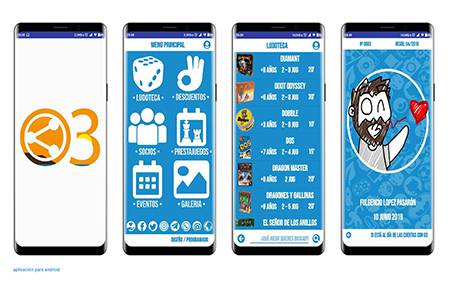 O3: App para los socios y no socios, donde se pueden consultar la ludoteca, eventos...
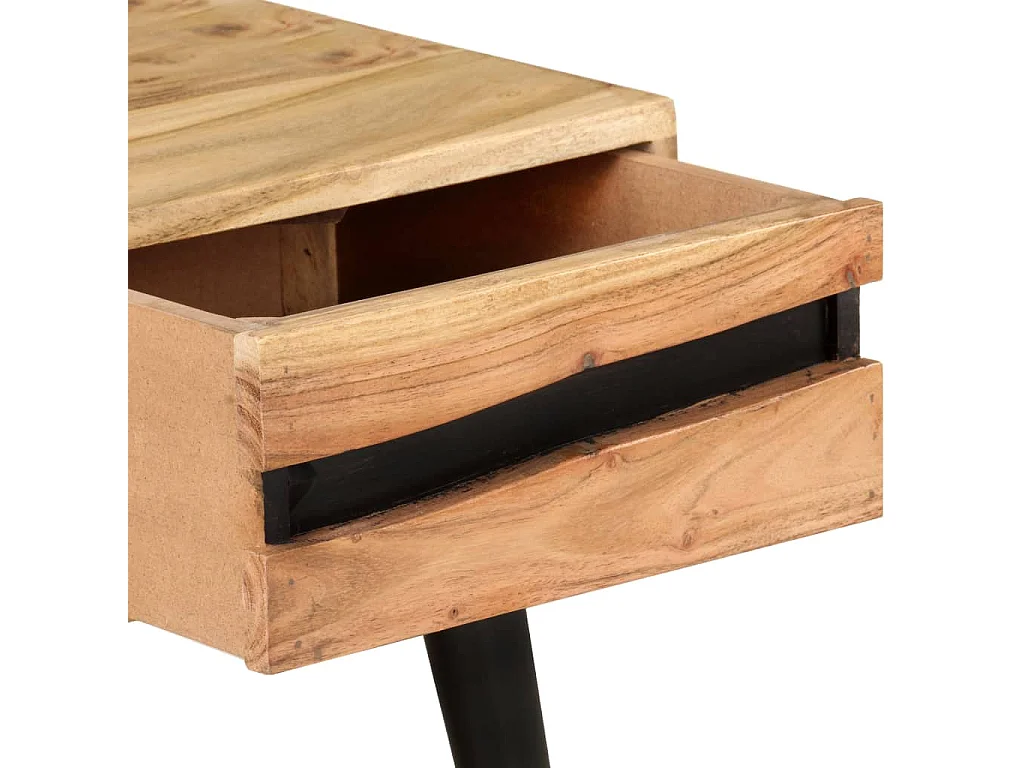 Mesa de centro de madera maciza de acacia 88x50x42 cm
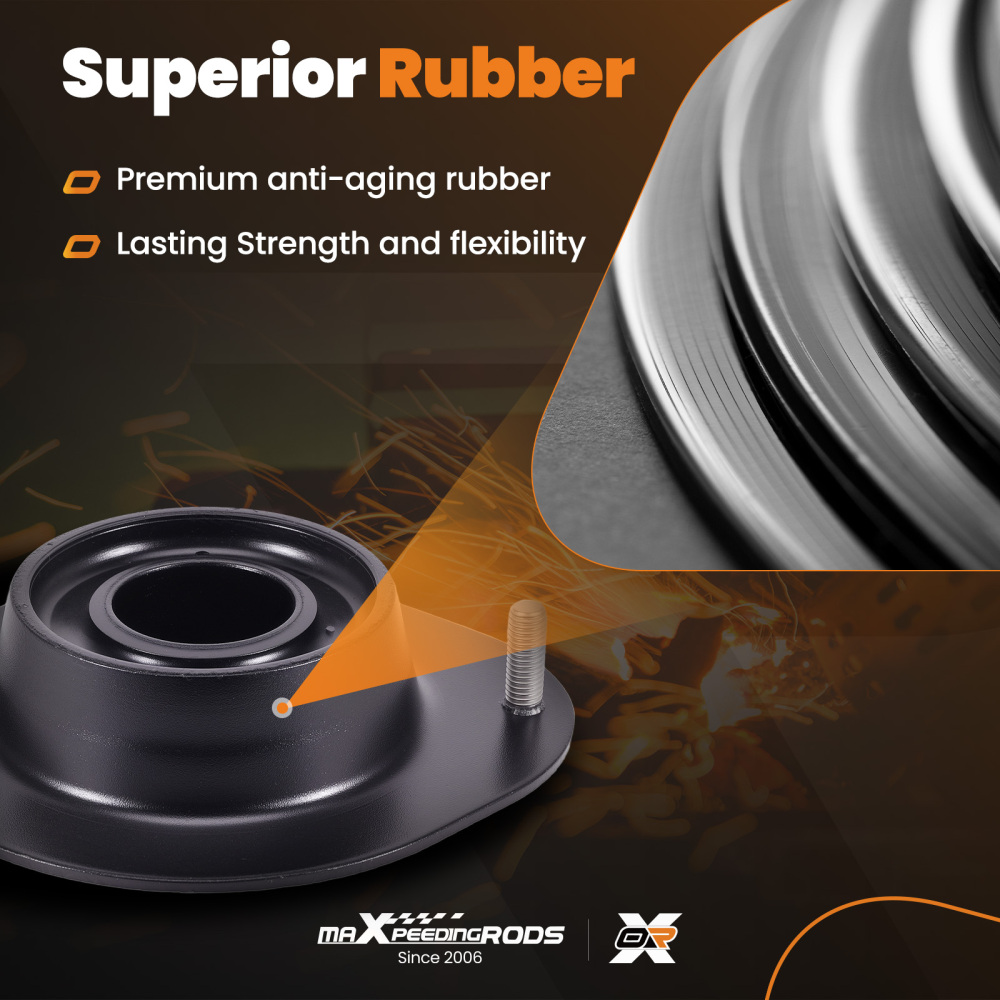 2x Amortiguador Soporte Delantero compatible para Daewoo Nexia 1995-2008 0344509 Par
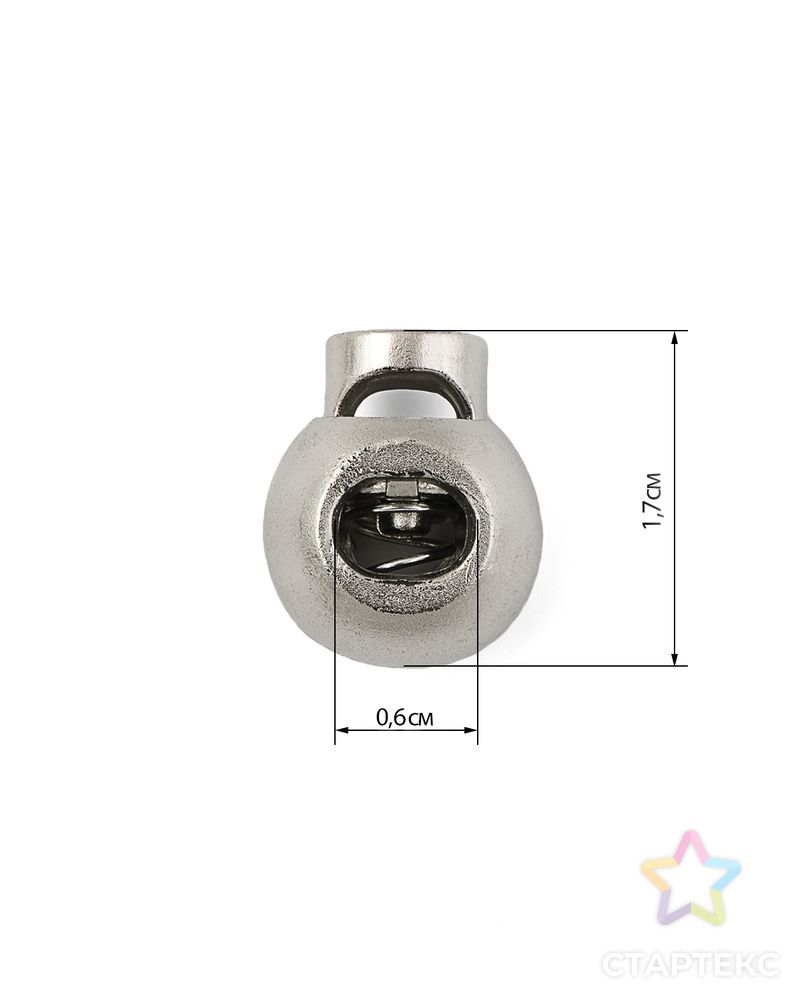 Фиксатор пластик р.1,5х1,7см (100шт) арт. ФМ-20-1-37244.001 - рис. 1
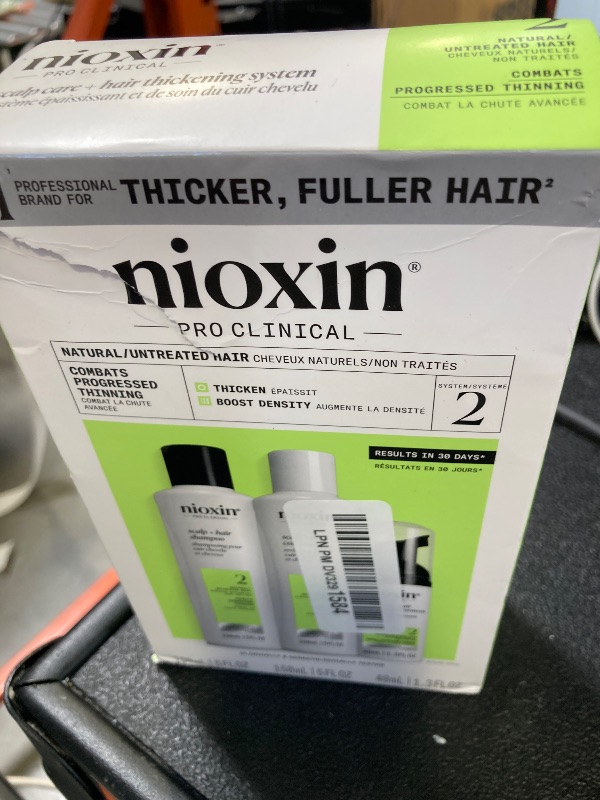 Photo 1 of Nioxin Scalp + Hair Thickening System 2 | For Natural Hair with Progressed Thinning | Boost Hair Density with Niacinamide & Biotin | Trial Size | 1 Month Supply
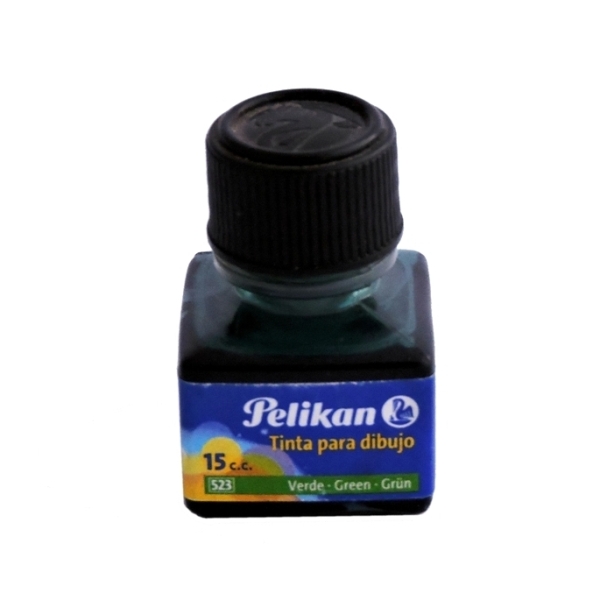TINTA CHINA PELIKAN 15ml. VERDE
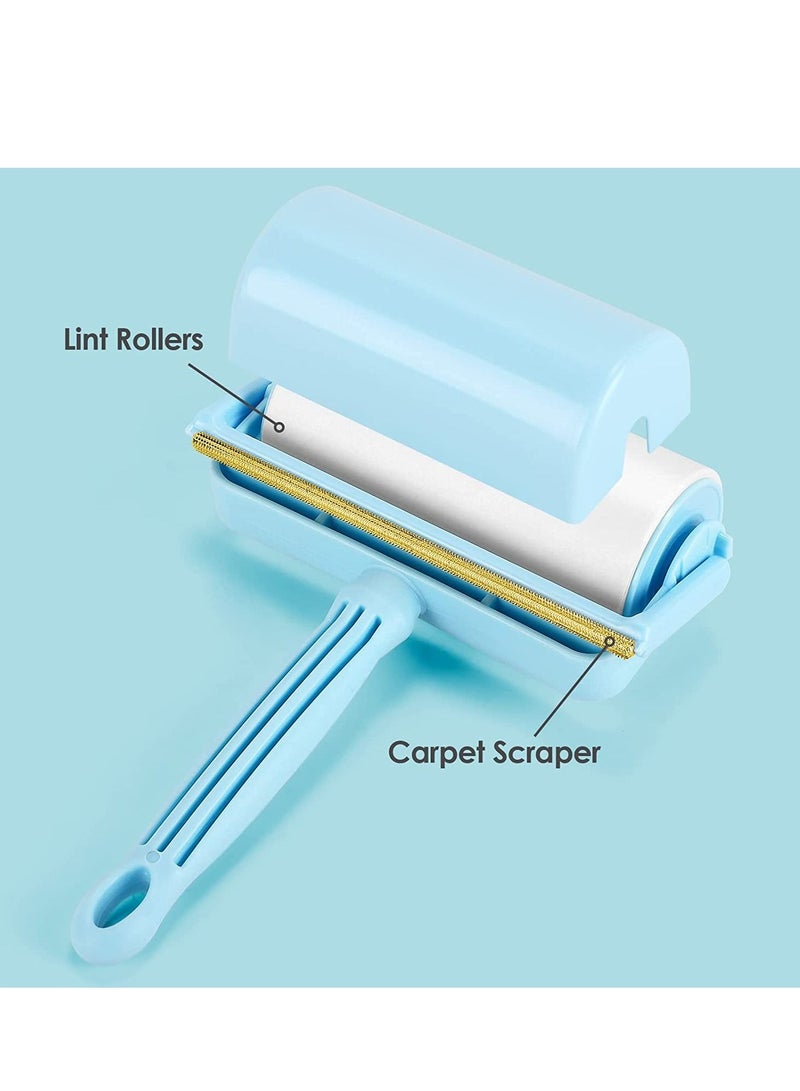 SYOSI Pet Hair Remover 2 in 1 Dog Cat Fur Remover Tool Portable Sticky Lint Roller Remove Dust of Furniture Clothing Floors Carpet Curtain Sofa Vehicles Couch Bedding - Image 2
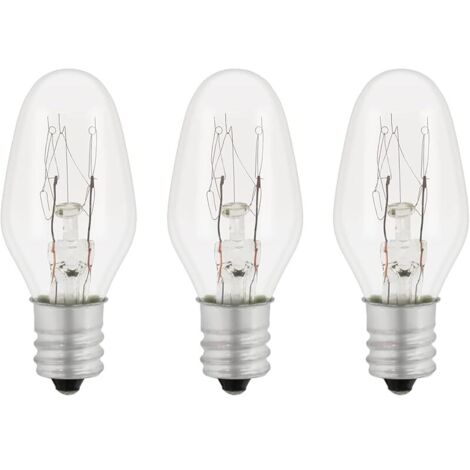 E12 7W Ampoule de Remplacement, Blanc Chaud 2700K, 40LM, AC 230V, Ampoules Incandescentes, pour Ampoule d'orientation, Lampe en Cristal à Sel, Lampe en Pierre de Sel, Veilleuse, Lot de 3 (1/5)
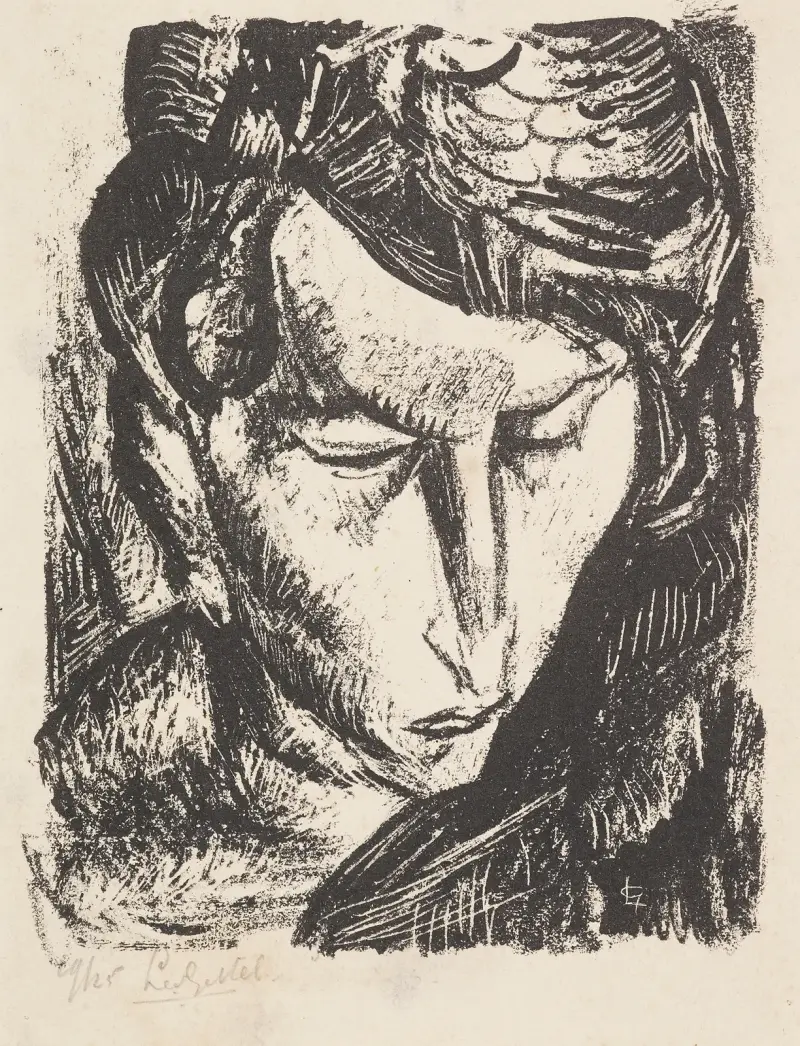 Huvud av Leo Gestel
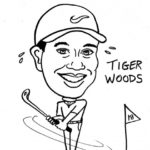 Caricature Portrait of Tiger Woods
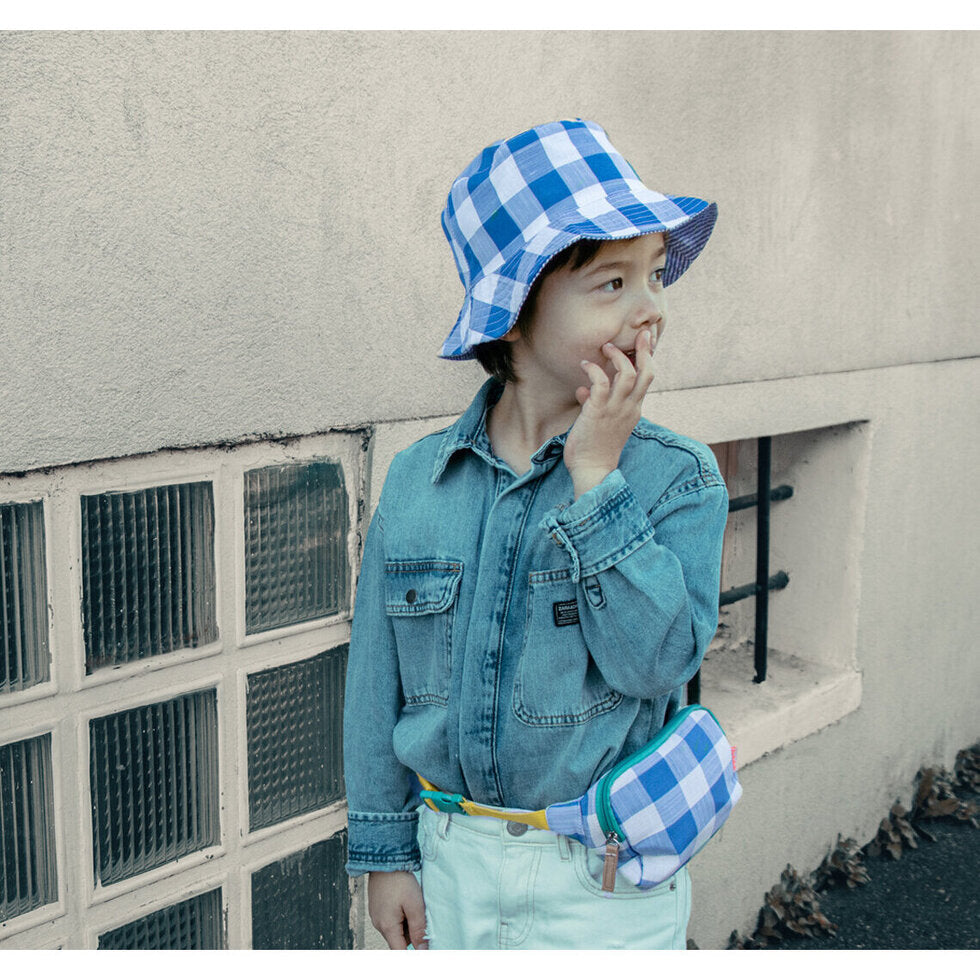 Retro Check Bucket Hat - قبعة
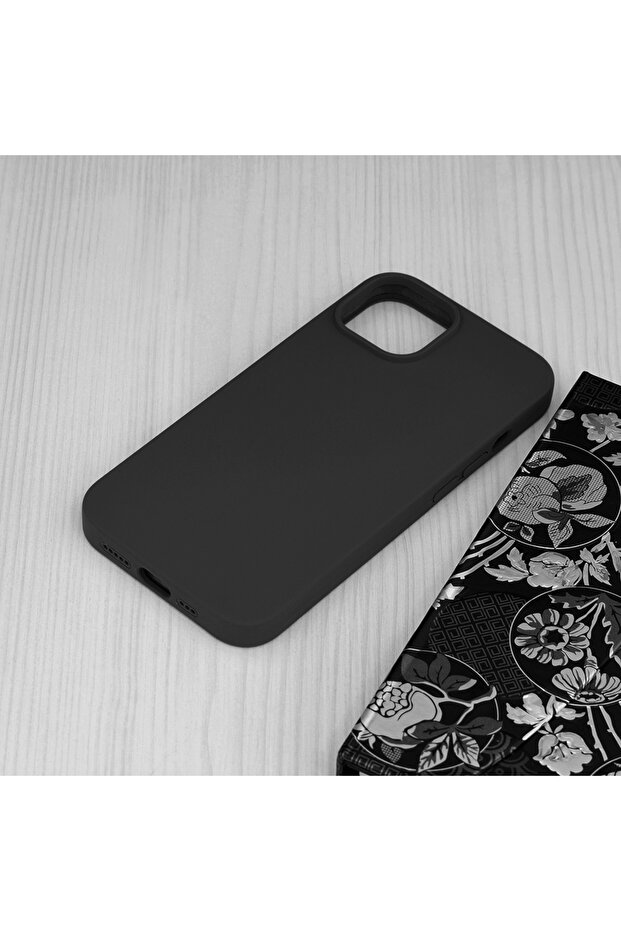 Double Structure Protective Case for iPhone 14, Microfiber, Titanium Black - 3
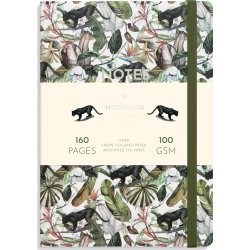 Burde Deluxe Notesbog, A5, linjeret, panther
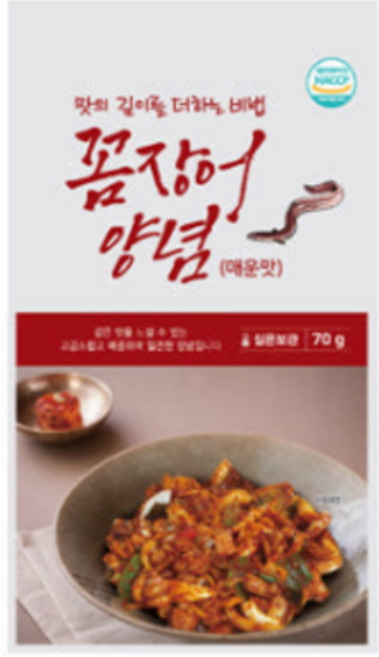 한국소스 꼼장어 양념 70g 1박스 150개 소스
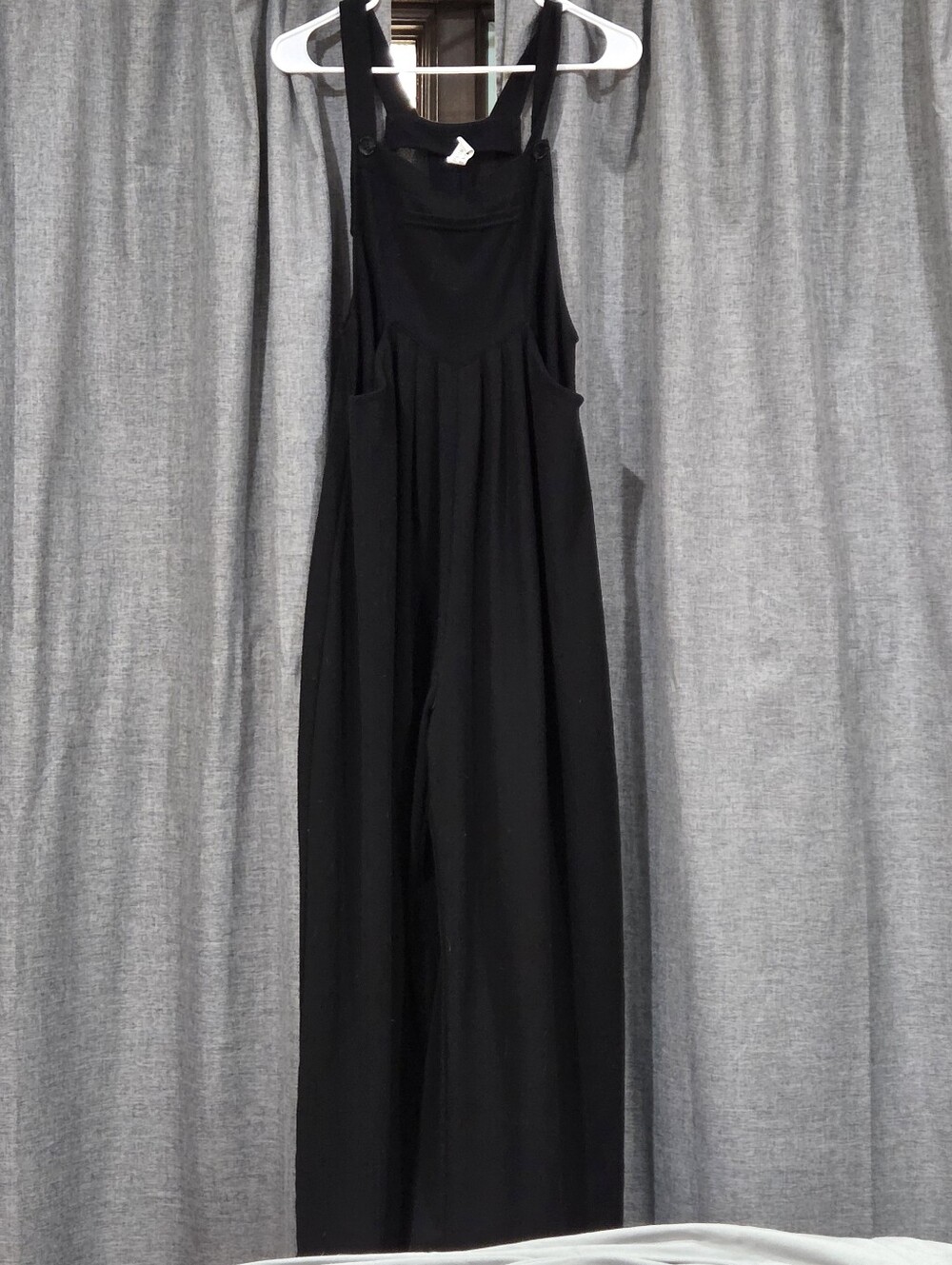 HALARA Black Wide-Leg Overall Jumpsuit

----------------------------------------

Leaving out the pictures, please transcribe exactly the lines from the one that holds "Huvud av Leo Gestel" through the last line of the entries above, both included.

▶ [EXERCISE ANSWER]
 Huvud av Leo Gestel
 Caricature Portrait of Tiger Woods
 Retro Check Bucket Hat - قبعة
 Double Structure Protective Case for iPhone 14, Microfiber, Titanium Black - 3
 Burde Deluxe Notesbog, A5, linjeret, panther
 한국소스 꼼장어 양념 70g 1박스 150개 소스
 HALARA Black Wide-Leg Overall Jumpsuit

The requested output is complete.